(WHAT THE TASK ASKS) Exclude the pictures and reproduce the remaining data exactly as written.

(RECORDS SUPPLIED)

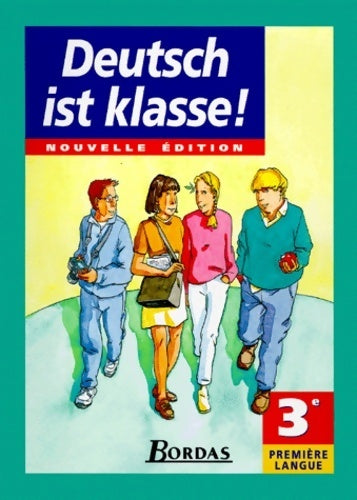 Deutsch ist klasse : 3e. Livret de l'élève - Deshusses Pierre -  Deutsch ist klasse - Livre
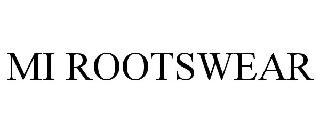MI ROOTSWEAR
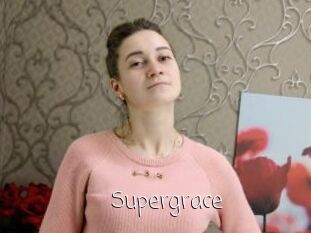 Supergrace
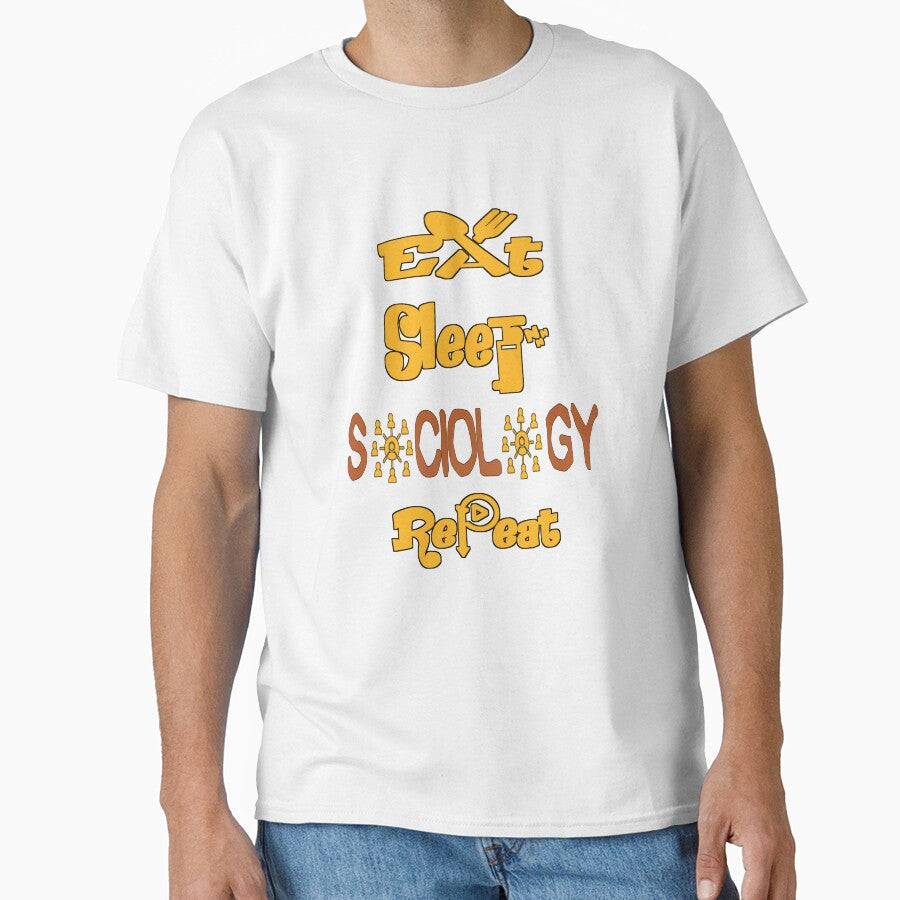 Eat sleep sociology repeat, by Chakilogy Unisex T-shirt, Sweatshirt, Hoodie, Long Sleeve Tee - T-Shirt, Sweatshirt, Hoodie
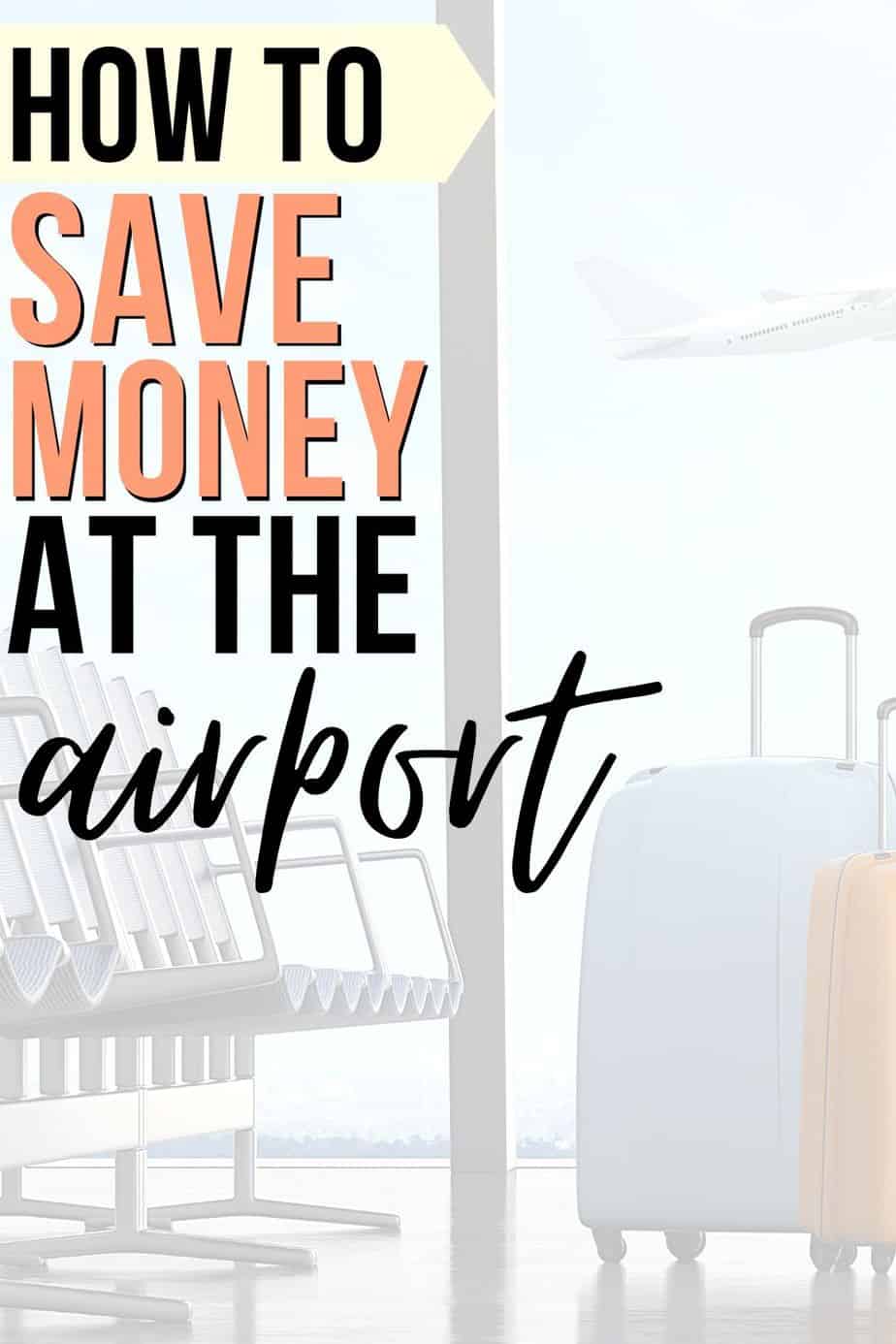 How to save money at the airport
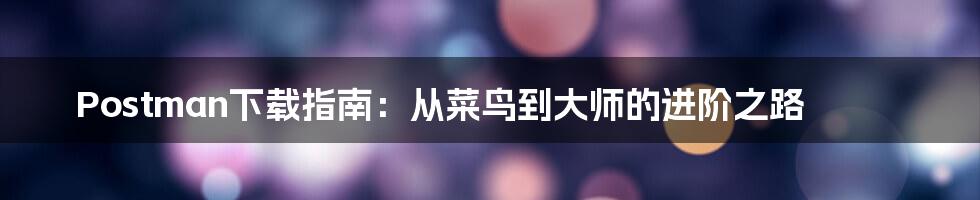 Postman下载指南:从菜鸟到大师的进阶之路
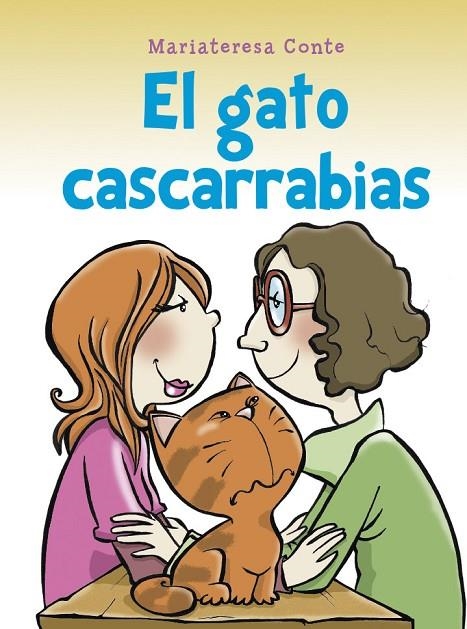 EL GATO CASCARRABIAS | 9788491456261 | CONTE, MARIATERESA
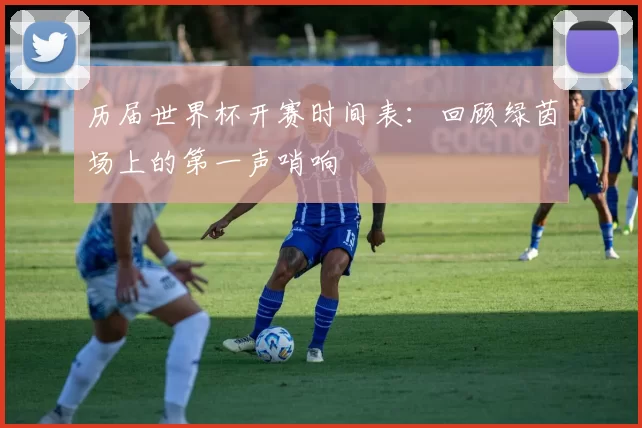 历届世界杯开赛时间表:回顾绿茵场上的第一声哨响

(RESPONSE BOX)
 Deutsch ist klasse : 3e. Livret de l'élève - Deshusses Pierre -  Deutsch ist klasse - Livre
MI ROOTSWEAR
 Supergrace
 Eat sleep sociology repeat, by Chakilogy Unisex T-shirt, Sweatshirt, Hoodie, Long Sleeve Tee - T-Shirt, Sweatshirt, Hoodie
 How to save money at the airport
 Postman下载指南:从菜鸟到大师的进阶之路
 EL GATO CASCARRABIAS | 9788491456261 | CONTE, MARIATERESA
 历届世界杯开赛时间表:回顾绿茵场上的第一声哨响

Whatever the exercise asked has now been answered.